(Crawled caption data)
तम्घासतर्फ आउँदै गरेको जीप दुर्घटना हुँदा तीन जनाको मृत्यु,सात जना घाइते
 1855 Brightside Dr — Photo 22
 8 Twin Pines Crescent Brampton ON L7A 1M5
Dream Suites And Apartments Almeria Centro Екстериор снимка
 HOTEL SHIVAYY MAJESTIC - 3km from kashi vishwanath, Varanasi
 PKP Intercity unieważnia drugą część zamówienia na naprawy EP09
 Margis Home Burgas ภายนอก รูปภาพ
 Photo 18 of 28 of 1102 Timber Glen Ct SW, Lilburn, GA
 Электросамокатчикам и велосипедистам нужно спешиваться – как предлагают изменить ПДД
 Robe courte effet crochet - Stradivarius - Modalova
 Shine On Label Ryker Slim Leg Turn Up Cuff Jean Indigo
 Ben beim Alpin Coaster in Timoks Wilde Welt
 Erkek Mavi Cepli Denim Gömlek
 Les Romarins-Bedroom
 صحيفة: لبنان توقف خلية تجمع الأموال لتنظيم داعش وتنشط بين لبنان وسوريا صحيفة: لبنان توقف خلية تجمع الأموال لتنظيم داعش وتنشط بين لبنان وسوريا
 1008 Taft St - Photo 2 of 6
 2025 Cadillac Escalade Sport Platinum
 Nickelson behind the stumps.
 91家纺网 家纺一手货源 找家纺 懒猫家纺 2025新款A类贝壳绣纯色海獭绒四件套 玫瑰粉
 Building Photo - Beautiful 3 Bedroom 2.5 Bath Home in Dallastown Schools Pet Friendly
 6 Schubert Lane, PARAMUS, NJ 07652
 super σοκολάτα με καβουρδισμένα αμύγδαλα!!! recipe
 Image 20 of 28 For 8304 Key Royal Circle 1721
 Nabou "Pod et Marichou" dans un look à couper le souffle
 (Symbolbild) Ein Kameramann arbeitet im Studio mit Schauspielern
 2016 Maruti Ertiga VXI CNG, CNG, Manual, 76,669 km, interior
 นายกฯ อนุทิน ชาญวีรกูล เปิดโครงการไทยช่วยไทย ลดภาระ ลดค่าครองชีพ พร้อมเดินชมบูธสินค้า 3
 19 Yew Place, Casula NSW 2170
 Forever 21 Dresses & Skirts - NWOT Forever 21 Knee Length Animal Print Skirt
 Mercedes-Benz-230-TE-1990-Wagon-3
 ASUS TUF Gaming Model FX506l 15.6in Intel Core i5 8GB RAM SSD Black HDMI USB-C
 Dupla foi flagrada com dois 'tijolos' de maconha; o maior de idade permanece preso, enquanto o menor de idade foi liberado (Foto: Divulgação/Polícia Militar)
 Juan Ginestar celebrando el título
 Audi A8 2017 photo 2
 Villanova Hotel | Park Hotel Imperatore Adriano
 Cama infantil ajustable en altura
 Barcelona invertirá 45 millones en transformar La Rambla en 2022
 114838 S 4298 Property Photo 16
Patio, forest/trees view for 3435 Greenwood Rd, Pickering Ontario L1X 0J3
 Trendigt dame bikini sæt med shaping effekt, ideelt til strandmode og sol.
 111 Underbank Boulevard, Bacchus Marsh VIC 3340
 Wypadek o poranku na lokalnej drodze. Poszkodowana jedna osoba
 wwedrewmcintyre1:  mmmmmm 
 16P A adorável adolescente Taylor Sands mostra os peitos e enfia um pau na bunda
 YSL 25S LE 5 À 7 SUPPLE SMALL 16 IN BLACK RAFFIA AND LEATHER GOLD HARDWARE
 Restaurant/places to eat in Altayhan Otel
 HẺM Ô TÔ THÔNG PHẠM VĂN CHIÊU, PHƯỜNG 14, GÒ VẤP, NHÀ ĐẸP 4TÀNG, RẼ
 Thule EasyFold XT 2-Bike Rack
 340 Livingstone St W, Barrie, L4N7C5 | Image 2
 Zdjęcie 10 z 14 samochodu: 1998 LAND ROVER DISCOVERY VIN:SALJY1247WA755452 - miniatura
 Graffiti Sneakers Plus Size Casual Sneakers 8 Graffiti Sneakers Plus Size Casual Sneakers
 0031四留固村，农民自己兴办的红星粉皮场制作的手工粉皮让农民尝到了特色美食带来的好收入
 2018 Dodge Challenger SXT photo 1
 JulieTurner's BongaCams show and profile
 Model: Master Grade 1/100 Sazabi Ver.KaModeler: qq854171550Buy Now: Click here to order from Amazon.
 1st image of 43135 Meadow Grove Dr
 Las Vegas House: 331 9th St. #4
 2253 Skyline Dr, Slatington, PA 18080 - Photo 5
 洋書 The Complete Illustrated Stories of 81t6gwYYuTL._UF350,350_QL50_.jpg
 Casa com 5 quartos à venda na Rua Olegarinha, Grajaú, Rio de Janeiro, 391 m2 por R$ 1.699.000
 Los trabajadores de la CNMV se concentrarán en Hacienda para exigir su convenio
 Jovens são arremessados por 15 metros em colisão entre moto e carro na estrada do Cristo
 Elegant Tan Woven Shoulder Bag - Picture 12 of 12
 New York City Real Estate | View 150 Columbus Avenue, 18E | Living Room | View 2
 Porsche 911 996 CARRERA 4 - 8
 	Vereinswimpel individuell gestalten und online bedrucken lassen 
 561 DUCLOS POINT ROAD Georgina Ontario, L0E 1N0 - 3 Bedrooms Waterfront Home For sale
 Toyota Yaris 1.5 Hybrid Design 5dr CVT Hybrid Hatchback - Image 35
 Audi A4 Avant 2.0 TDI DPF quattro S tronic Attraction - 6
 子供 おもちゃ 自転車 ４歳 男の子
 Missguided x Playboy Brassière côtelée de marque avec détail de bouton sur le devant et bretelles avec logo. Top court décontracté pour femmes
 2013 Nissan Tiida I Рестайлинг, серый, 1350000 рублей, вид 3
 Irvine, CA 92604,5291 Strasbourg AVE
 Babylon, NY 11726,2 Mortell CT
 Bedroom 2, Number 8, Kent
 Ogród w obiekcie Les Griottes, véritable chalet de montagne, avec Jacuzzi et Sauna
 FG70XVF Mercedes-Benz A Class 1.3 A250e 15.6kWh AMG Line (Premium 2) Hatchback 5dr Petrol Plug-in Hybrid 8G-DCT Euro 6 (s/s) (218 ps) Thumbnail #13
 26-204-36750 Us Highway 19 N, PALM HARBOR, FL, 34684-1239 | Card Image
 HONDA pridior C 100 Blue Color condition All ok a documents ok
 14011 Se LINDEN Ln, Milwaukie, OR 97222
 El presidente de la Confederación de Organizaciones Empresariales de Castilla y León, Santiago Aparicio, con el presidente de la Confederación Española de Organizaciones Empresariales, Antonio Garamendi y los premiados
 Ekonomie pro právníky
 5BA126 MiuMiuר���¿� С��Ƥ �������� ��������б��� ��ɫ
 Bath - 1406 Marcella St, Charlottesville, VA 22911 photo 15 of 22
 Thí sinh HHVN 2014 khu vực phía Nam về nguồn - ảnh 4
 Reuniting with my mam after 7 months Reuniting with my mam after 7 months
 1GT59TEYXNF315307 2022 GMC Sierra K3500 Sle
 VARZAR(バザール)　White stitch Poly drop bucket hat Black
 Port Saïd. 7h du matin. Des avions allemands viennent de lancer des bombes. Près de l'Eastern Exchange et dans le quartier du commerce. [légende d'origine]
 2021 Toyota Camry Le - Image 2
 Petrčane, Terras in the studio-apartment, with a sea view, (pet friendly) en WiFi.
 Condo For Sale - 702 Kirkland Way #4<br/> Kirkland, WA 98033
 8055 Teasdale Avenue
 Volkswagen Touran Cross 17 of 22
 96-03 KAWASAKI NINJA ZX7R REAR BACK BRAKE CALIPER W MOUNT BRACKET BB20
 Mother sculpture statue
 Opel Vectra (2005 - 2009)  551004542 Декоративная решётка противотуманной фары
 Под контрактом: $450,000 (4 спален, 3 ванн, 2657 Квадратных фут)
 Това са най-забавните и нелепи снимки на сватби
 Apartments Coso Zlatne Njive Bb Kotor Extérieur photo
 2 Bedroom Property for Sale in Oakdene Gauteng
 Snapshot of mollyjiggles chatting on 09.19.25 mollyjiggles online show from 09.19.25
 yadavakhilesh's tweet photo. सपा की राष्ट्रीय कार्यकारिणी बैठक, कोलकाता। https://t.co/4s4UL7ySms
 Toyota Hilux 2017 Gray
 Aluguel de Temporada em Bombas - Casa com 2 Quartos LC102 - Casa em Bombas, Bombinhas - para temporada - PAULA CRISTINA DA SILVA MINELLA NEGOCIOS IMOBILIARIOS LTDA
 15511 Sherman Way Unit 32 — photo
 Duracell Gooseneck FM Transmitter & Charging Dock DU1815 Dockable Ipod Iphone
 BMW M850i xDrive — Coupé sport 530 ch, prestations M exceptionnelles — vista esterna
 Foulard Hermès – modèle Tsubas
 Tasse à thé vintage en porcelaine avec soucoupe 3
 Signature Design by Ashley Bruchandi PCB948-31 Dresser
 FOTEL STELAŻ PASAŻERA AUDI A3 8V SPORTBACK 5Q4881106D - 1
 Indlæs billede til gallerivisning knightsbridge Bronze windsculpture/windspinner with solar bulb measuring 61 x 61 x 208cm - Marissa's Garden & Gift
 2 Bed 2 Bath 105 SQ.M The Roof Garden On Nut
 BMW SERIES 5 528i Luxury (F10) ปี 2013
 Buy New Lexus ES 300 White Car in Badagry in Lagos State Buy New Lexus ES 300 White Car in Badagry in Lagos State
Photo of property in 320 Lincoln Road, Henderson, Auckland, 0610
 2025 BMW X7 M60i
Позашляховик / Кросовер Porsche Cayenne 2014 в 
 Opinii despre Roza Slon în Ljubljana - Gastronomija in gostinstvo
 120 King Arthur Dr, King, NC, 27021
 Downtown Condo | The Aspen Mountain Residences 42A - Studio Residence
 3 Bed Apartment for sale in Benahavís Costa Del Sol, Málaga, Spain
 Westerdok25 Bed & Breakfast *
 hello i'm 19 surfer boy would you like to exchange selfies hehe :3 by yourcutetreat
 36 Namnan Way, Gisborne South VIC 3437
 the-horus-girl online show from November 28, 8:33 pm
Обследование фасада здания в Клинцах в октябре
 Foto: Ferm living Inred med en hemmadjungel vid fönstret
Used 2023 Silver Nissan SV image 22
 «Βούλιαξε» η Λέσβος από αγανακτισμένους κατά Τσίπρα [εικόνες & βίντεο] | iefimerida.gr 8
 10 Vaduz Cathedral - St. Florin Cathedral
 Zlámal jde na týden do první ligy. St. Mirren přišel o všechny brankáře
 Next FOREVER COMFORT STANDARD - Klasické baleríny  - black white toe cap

Exercise description:
Only the lines above from the line with "Forever 21 Dresses" to the line with "Audi A8 2017 photo 2", those two lines included, should be reproduced exactly.

Task output:
 Forever 21 Dresses & Skirts - NWOT Forever 21 Knee Length Animal Print Skirt
 Mercedes-Benz-230-TE-1990-Wagon-3
 ASUS TUF Gaming Model FX506l 15.6in Intel Core i5 8GB RAM SSD Black HDMI USB-C
 Dupla foi flagrada com dois 'tijolos' de maconha; o maior de idade permanece preso, enquanto o menor de idade foi liberado (Foto: Divulgação/Polícia Militar)
 Juan Ginestar celebrando el título
 Audi A8 2017 photo 2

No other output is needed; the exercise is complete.